The crisis over Russia’s invasion of Ukraine dominated this week’s EU-US Summit in Brussels, followed by the topics that had been intended as top priorities for the meeting: negotiations for a broad transatlantic trade partnership and Europe’s anger at how pervasively it has been spied upon by the US National Security Agency. Missing from the agenda was a separate problem that needs high-level transatlantic attention, write the Atlantic Council’s Danya Greenfield and Amy Hawthorne. That is the worrisome situation in the Arab countries that have been struggling since 2011 to make the difficult traverse from authoritarian rule to democratic and (thus) more stable governance. While these countries – Egypt, Libya, Tunisia and Yemen – may not seem to present an immediate crisis, their failure would damage European and US interests.
The instabilities of these Arab lands – including illegal migration, the trafficking of people, weapons, or extremist political violence – are immediate dangers to Europe. Across the Atlantic, the United States may feel it has greater safety from further civil explosions in a Libya or an Egypt. But the networks and targets of jihadism remain transnational, and critical US interests in the Middle East, if absent from today’s headlines, are no less real.
It is a difficult moment for the United States and Europe to rededicate themselves to supporting the democratic transitions of Arab states, Greenfield and Hawthorne write. A week of conversations with European officials in Brussels, Rome, Paris and London, made it “abundantly clear to us that European policymakers are just as distressed and feel just as resigned to the troubled fate of the countries as their US counterparts.” European and US observers agree that Tunisia is moving on the right track, but its gains are still tenuous. Libya is a security nightmare, lacking institutions, interlocutors, and indigenous plans even to halt its deterioration.
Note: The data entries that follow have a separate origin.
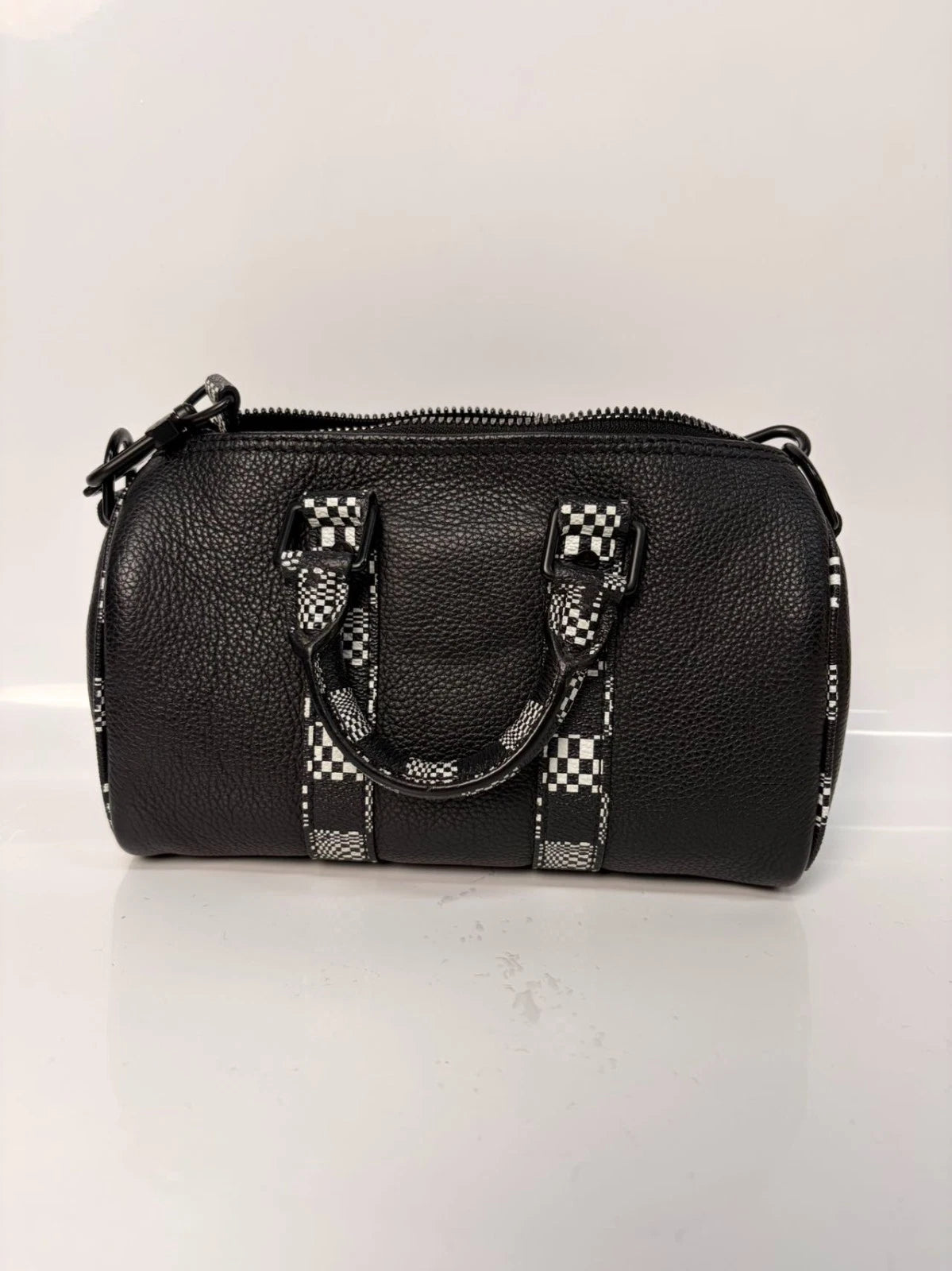 SJ0001 XP01673 Louis Vuitton Keepall Bandouliere 25 Handbag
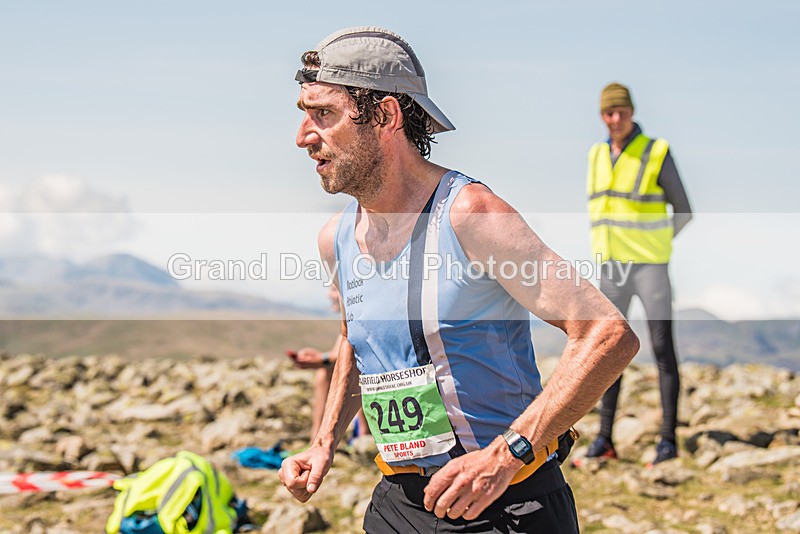 Fairfield-15 - Fairfield Horseshoe Fell Race Saturday 13th May 2023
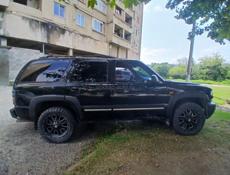 Chevrolet Taxo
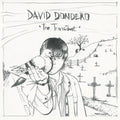 David Dondero- The Transient (Two-tone Black & White Vinyl) ( Vinyl )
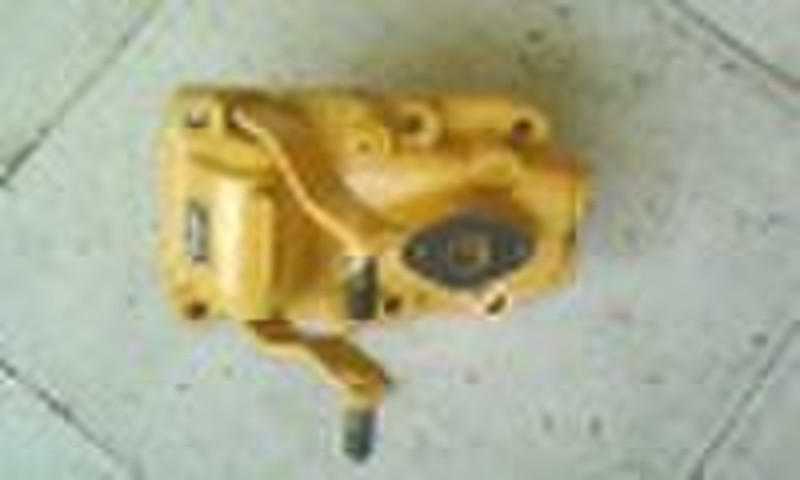 Bulldozer Control Valve Assy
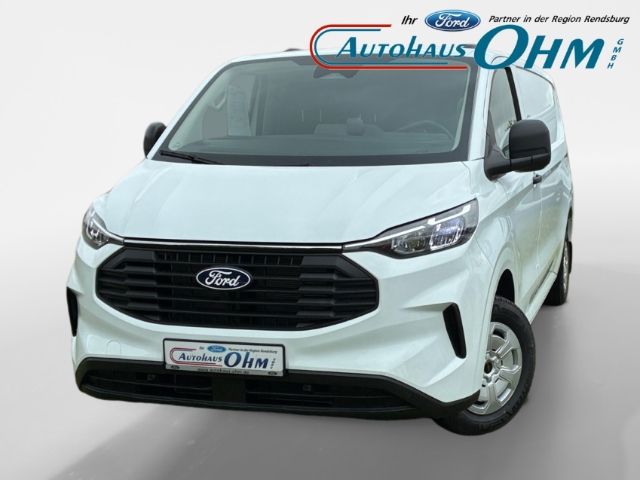 Bild des Angebotes Ford Transit Courier Kasten 320 L2 Trend FWD 2.0 EcoB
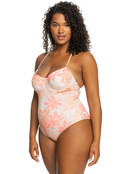 Pure Sunshine - One-Piece Swimsuit for Women  ERJX103377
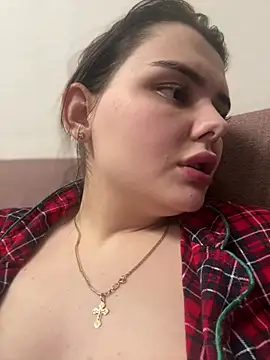 Snapshot of NikaMur chatting on February 2025 11:53:01 AM NikaMur online show from February 2025 11:53:01 AM
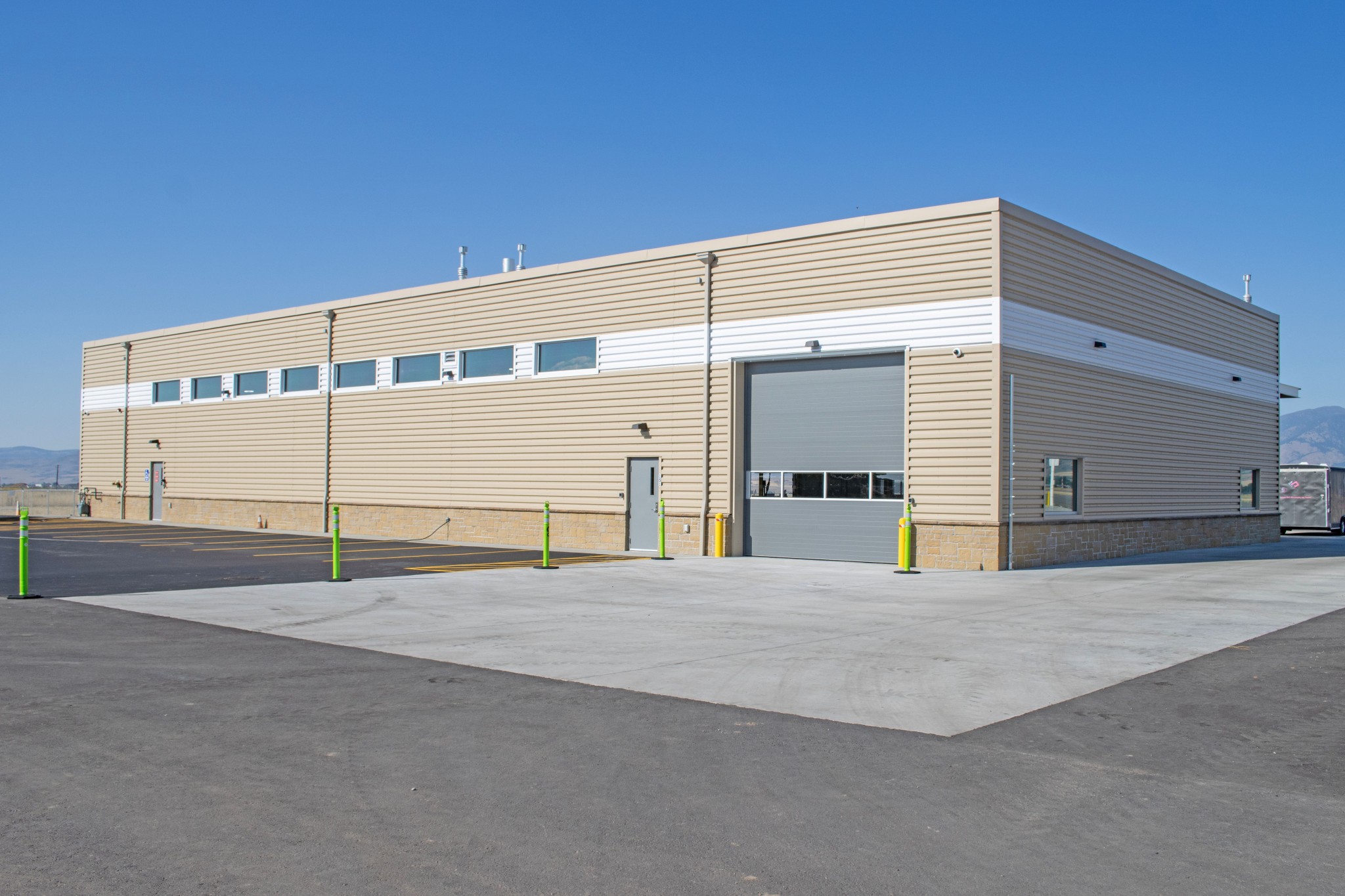 CS Structures Inc. Image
Egypt is in a dangerous authoritarian retrenchment. In Yemen, persistent violence threatens even the modest gains from its recent National Dialogue.
“In the immediate wake of the Arab uprisings, the United States and Europe expressed a newfound acknowledgement that security and democratic development are indeed inextricably linked, yet the difficulty of democratization in the region in the past three years has led many to question this conclusion now,” Greenfield and Hawthorne write. “This would be a mistake. We should not need to learn the lesson twice in fewer than five years that governments that fail to respond to the needs of their citizens or develop inclusive institutions become breeding grounds for instability and discontent that spills over borders.”